[What the task asks] Skip the pictures. Output only the lines below starting at the line with "So anything that" and ending at the line with "I might want", both ends included, exactly as they are.

[The data]
******
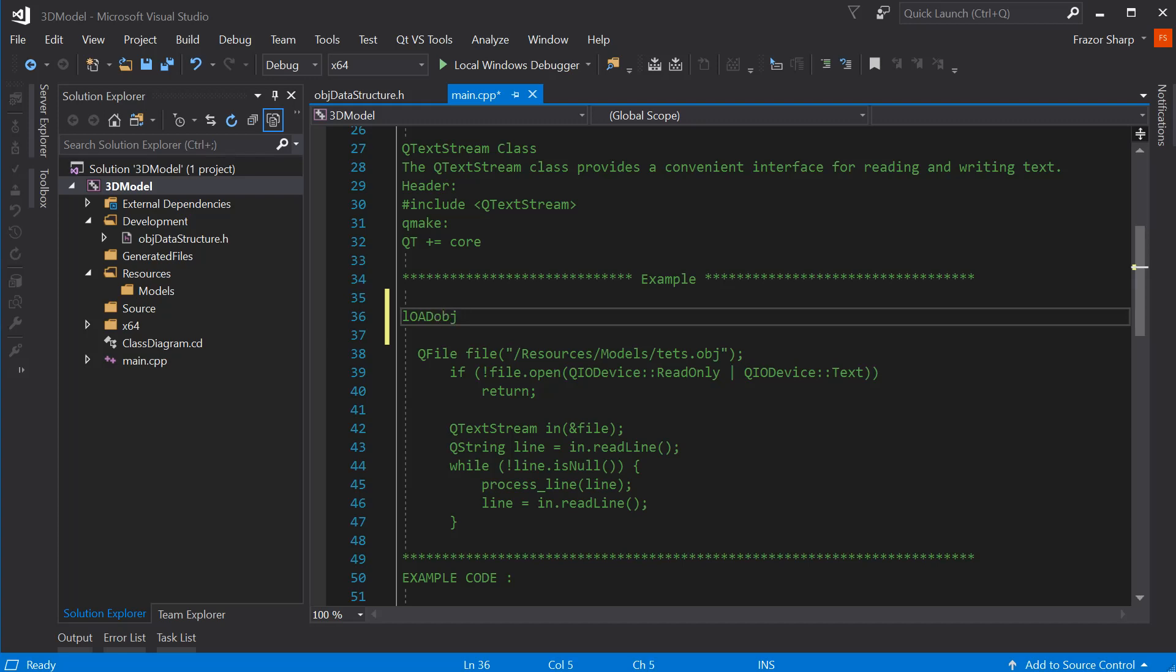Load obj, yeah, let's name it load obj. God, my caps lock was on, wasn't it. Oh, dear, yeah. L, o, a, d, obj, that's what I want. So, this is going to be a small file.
******
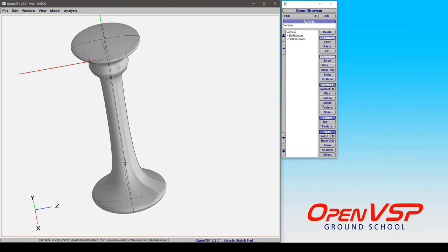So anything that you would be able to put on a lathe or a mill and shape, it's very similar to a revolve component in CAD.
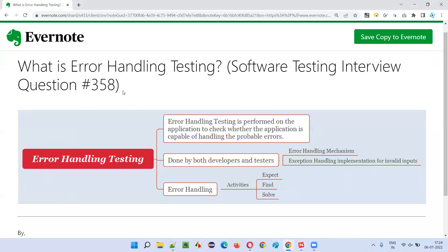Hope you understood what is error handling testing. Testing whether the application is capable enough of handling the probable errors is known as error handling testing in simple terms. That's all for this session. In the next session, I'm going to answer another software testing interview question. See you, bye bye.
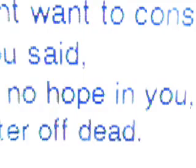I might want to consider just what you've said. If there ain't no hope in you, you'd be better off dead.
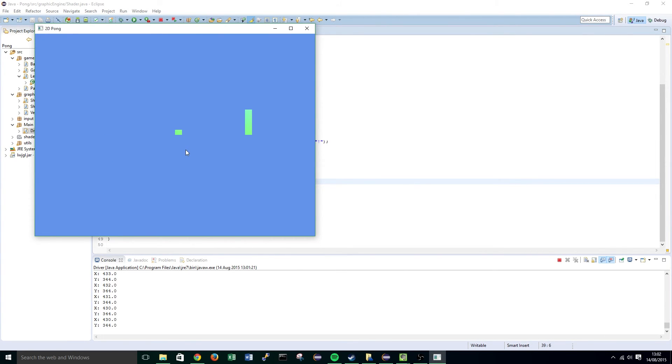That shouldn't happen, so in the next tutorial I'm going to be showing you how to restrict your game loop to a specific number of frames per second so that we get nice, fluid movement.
******
[Written answer]
So anything that you would be able to put on a lathe or a mill and shape, it's very similar to a revolve component in CAD.
Hope you understood what is error handling testing. Testing whether the application is capable enough of handling the probable errors is known as error handling testing in simple terms. That's all for this session. In the next session, I'm going to answer another software testing interview question. See you, bye bye.
I might want to consider just what you've said. If there ain't no hope in you, you'd be better off dead.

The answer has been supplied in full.